An index is a lookup of words, concepts or items in another body of work. Examples include names in a contact list, customers, topics in a book, or files in storage.
The whole point of an index is to make it easier to find what you are looking for.
Rather than needing to flick through every page in a book to find the topic you are looking for you can just go to the alphabetically sorted index, find the topic you are looking for and jump right to the page you need.
Indexing is not free, however, and the time needed to put in to create that index in the first place. But the time invested in creating that index is repaid every time any one needs to use it.
What About A Card Index?
In a book the index is fixed. If you realise there is a topic not included in the index that you would like to be there you are rather stuck. The card index brings flexibility to add, remove or reorder items as needed.
Some of the main benefits of a card index are:
- Size – an index system is typically much smaller than the raw information it represents. Think about a library filled with books compared with a cabinet of index cards showing where they can be found. You would find it much quicker to search the cards rather than walking the corridors of books.
- Flexibility- unlike an index written on a single sheet of paper, a card index system can be modified and extended as needed. If you realise that you have more references under ‘A’ than is usable, you can split the index to be more specific. With a purely paper index you would probably need to write the modified index out in full again.
Card Index Examples
The following examples show some of the variation in how a card index system can be used.
A Card Index for Recipes
Say you have a collection of recipes: some you have come up with yourself, some are handed down from family, some you picked up from friends, and some are from cookbooks, magazines etc.
A common way to write down those recipes is on an index card, i.e. a roughly post-card sized piece of card. You might end up with a series of cards that look something like this:
The obvious way to store these would be in alphabetical order. But you may at some point decide to subdivide them further into, say, starter, main course and dessert.
If you had 100 recipe cards and needed to search for a particular recipe, rather than having to search through all of them you could limit your search to correct course.
Within in each category you would probably maintain the alphabetical ordering.
As you discover a new recipe you would create a new card and add it to the relevant section.
What if you realised that a recipe would be suitable for both a starter or a main course? In that case you would create an extra card that referenced the actual card with something like “See Starter: Tomato Soup”.
Another Card Index for Recipes
This example is an interesting one as it highlights the flexibility in how a card index is grouped and sorted.
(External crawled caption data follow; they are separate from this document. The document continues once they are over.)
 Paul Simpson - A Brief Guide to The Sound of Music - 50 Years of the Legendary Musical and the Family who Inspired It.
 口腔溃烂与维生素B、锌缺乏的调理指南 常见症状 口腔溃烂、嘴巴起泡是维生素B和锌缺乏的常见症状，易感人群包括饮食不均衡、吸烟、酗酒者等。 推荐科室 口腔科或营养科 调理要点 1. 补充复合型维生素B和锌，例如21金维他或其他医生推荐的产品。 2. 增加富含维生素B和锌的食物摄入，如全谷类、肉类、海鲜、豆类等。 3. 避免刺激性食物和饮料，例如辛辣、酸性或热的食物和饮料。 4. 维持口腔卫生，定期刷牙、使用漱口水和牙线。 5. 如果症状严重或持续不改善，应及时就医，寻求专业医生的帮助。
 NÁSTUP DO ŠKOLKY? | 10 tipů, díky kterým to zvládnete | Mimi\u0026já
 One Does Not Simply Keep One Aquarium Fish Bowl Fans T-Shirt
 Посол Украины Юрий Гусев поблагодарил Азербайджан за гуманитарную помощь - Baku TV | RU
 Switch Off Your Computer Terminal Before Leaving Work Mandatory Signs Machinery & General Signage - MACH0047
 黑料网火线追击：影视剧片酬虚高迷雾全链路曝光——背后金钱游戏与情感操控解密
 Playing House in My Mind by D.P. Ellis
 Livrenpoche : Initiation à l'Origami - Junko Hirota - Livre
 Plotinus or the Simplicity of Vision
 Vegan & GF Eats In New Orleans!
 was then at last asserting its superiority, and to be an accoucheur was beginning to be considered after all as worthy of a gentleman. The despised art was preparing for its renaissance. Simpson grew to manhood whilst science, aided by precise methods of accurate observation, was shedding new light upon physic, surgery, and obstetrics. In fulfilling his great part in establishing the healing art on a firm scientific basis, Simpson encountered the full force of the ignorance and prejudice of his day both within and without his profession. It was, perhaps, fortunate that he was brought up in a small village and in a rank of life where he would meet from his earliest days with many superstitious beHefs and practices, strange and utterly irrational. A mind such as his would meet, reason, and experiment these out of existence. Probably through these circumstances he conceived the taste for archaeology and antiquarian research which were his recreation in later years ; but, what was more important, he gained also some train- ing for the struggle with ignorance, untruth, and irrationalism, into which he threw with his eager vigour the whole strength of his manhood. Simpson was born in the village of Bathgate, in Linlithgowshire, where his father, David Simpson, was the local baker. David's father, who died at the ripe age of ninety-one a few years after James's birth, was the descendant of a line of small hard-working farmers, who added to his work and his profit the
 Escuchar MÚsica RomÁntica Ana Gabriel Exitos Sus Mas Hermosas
The obvious approach is alphabetical, but as this image shows, it probably makes more sense to create a thematic group for your recipes and then sort alphabetically within that group.
In this case the card itself contains the information, rather than pointing to a separate source (such as books in a library card index system). The card could be amended to include the source of the recipe such as a book or website in case the chef or baker wanted further information.
Cross-references could be added if a recipe went particularly well with others.
Recipes are an example of where card indexes can still be found in the modern world. You can see many more examples of recipes on index cards here.
The caption for this example explains that this card index is arranged alphabetically by electorate and then alphabetically by the name of the establishment.
The purpose of arranging an index in different ways is to make it quicker and easier for the searcher to find the information they are looking for. So if sorting in a particular way makes sense, then the flexibility of a card index allows it.
This card index example has a few interesting features. Firstly the cross-referencing: a searcher might very reasonably look for ‘collisions’, while the indexer has grouped these into ‘accidents’. Rather than returning nothing, the cross reference points the searcher to where they may find the information they are looking for.
Secondly, the cross-reference gives the heading the searcher should look for, but also an index number (18 in this case). This refers to a numerically-ordered index system which a searcher can quickly flick through to find the card they are looking for.
Finally, the ‘accidents’ card has sub-entries for each accident it refers to. These references correspond to a longer-form document with details about each individual accident.